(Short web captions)
- Opening Delimiter -

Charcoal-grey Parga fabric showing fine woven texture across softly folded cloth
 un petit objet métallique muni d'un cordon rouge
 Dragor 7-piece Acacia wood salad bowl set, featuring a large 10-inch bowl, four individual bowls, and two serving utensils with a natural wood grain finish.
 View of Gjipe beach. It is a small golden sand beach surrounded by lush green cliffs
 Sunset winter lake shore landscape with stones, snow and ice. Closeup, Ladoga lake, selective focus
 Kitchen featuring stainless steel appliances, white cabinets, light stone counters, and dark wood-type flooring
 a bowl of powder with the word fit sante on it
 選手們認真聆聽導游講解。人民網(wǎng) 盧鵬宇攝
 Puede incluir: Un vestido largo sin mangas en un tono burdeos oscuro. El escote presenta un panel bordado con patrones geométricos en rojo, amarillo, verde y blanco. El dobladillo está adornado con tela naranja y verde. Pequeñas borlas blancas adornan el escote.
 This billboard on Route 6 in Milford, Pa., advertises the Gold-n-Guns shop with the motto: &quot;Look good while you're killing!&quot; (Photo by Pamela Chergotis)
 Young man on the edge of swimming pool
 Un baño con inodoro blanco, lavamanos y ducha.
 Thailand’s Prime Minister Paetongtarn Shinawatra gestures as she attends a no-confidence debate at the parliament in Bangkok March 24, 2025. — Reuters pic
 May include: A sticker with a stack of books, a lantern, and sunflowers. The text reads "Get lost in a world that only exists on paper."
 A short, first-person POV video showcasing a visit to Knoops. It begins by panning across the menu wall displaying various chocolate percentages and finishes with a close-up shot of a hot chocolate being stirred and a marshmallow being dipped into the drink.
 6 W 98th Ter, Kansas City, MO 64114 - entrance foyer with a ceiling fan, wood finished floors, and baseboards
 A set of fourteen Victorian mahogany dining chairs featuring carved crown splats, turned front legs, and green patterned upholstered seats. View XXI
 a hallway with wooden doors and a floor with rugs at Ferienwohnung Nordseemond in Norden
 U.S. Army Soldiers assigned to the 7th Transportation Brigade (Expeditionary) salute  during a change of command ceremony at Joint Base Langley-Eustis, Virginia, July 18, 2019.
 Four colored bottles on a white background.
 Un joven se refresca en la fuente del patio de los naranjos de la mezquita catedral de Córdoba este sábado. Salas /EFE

- Closing Delimiter -

■ WHAT TO DO
Restate word for word only the lines running from the beginning of the data to the line holding "May include: A", both included.

■ SOLUTION BELOW
Charcoal-grey Parga fabric showing fine woven texture across softly folded cloth
 un petit objet métallique muni d'un cordon rouge
 Dragor 7-piece Acacia wood salad bowl set, featuring a large 10-inch bowl, four individual bowls, and two serving utensils with a natural wood grain finish.
 View of Gjipe beach. It is a small golden sand beach surrounded by lush green cliffs
 Sunset winter lake shore landscape with stones, snow and ice. Closeup, Ladoga lake, selective focus
 Kitchen featuring stainless steel appliances, white cabinets, light stone counters, and dark wood-type flooring
 a bowl of powder with the word fit sante on it
 選手們認真聆聽導游講解。人民網(wǎng) 盧鵬宇攝
 Puede incluir: Un vestido largo sin mangas en un tono burdeos oscuro. El escote presenta un panel bordado con patrones geométricos en rojo, amarillo, verde y blanco. El dobladillo está adornado con tela naranja y verde. Pequeñas borlas blancas adornan el escote.
 This billboard on Route 6 in Milford, Pa., advertises the Gold-n-Guns shop with the motto: &quot;Look good while you're killing!&quot; (Photo by Pamela Chergotis)
 Young man on the edge of swimming pool
 Un baño con inodoro blanco, lavamanos y ducha.
 Thailand’s Prime Minister Paetongtarn Shinawatra gestures as she attends a no-confidence debate at the parliament in Bangkok March 24, 2025. — Reuters pic
 May include: A sticker with a stack of books, a lantern, and sunflowers. The text reads "Get lost in a world that only exists on paper."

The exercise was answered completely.